Justification for all the great pumpkin recipes out there:

1. Great for weight loss!

One cup of cooked pumpkin has between 60-80 calories and up to 7 grams of fiber, meaning it will keep you feeling full longer. Studies have shown that fiber lowers the glycemic load of a meal, preventing blood sugar spikes and excess insulin output that leads to insulin resistance. This means that eating pumpkin can help you maintain a stable blood sugar, which helps fight sugar cravings, and overall can help you lose weight.

2. Eating pumpkin can brighten eyes, skin, and prevent cancer!

One cup of pumpkin provides 200-700% of the daily value of vitamin A.  Vitamin A and carotenoids (the phytonutrient that gives pumpkin their orange color) are great for eye and skin health. Beta-carotene is converted to vitamin A, which is important in keeping eyesight sharp, especially in dim light. Vitamin A and carotenoids brighten skin by reducing sebum production and preventing acne. Carotenoids are also antioxidants, protecting skin from the damaging effects of the sun and preventing skin cancer.

3. Great for post workout recovery!

For any of you who have ever experienced muscle cramps following exercise, you may need to be replacing electrolytes- especially potassium and magnesium. We’ve all heard that bananas are a good source of potassium, but did you know that pumpkins are even higher in potassium than bananas with 500 mg per one cup serving? Pumpkins also have 14% of the recommended daily value for magnesium, which helps lower blood pressure and prevent muscle cramps. Try this delicious smoothie following your next workout!

4. Great source of iron!

Dietary iron is necessary for preventing iron deficiency anemia.
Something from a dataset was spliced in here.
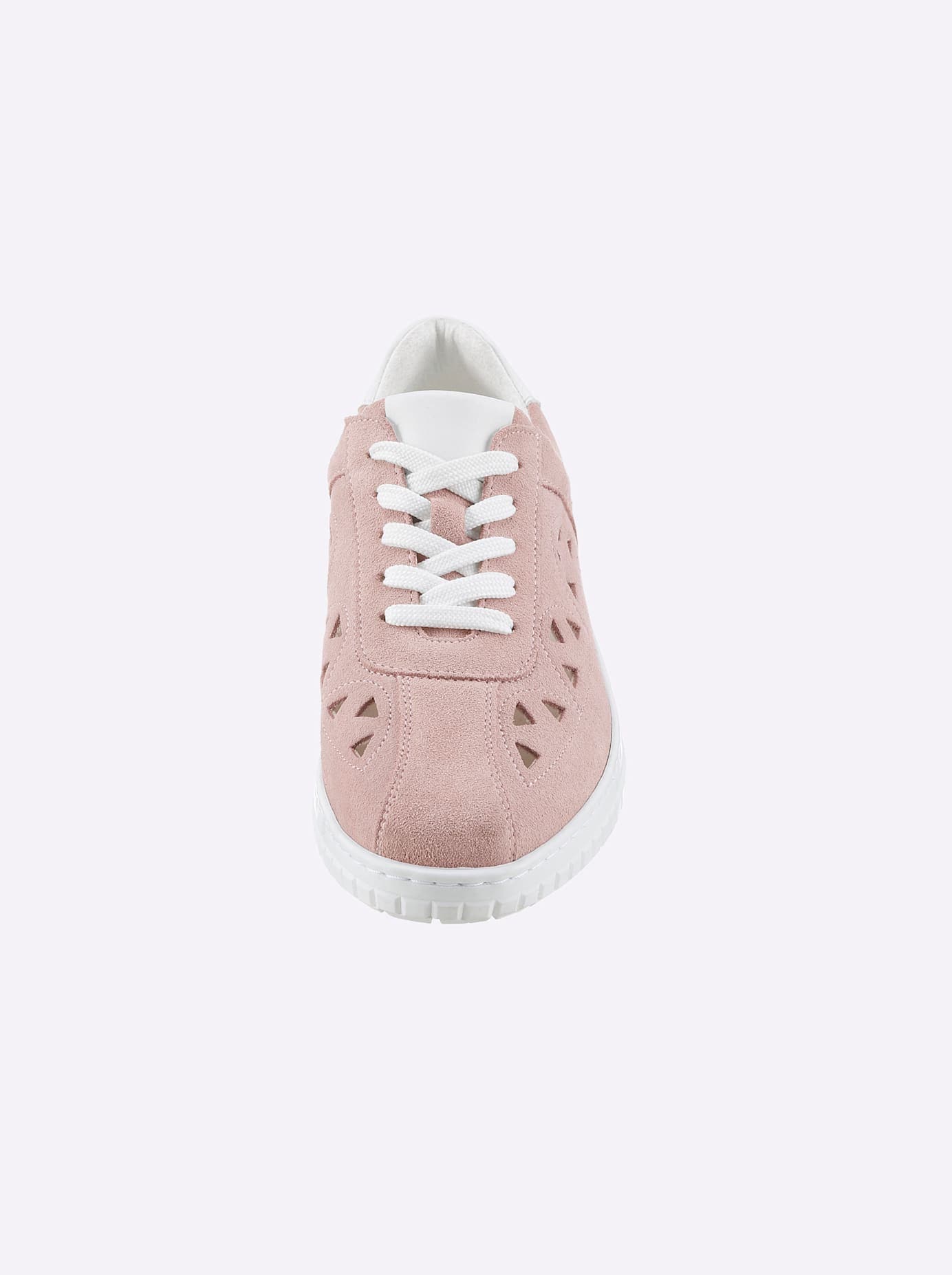 Casual Looks Sneaker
Iron is used to produce hemoglobin, the molecule responsible for carrying oxygen in our red blood cells. Without enough iron, we can’t make hemoglobin and our red blood cells can’t transport enough oxygen to our tissues. This can cause fatigue, exercise intolerance, and heart palpitations. Foods we usually think of as being high in iron are red meat, and dark green leafy vegetables, but pumpkin is also a great source of iron with 1 cup containing 20% of the recommended daily value. Pumpkin also contains 17% of the daily value for vitamin C, which is great for enhancing iron absorption.
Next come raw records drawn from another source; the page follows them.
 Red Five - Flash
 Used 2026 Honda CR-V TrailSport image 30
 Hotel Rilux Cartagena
5. Pumpkin is highly anti-inflammatory!

Inflammation is what we think of with all the disease processes ending in “-itis.” But many other diseases are thought to be triggered by inflammation (cancer, heart disease, osteoporosis, diabetes, and even Alzhemiers). Inflammatory foods are those that are processed, high in sugar, trans fats, are too high in omega-6 fatty acids (think agri-industry meat) and too low in omega-3 fatty acids. Anti-inflammatory foods are high in vitamins, minerals and compounds called phytonutrients and phytosterols- found in plants and unprocessed whole grains. Wild caught, cold water fish (high in omega 3s) is also considered anti-inflammatory. Pumpkin- in minimally processed form- is considered highly anti-inflammatory as it is high in phytonutrients and fiber, and low in sugar!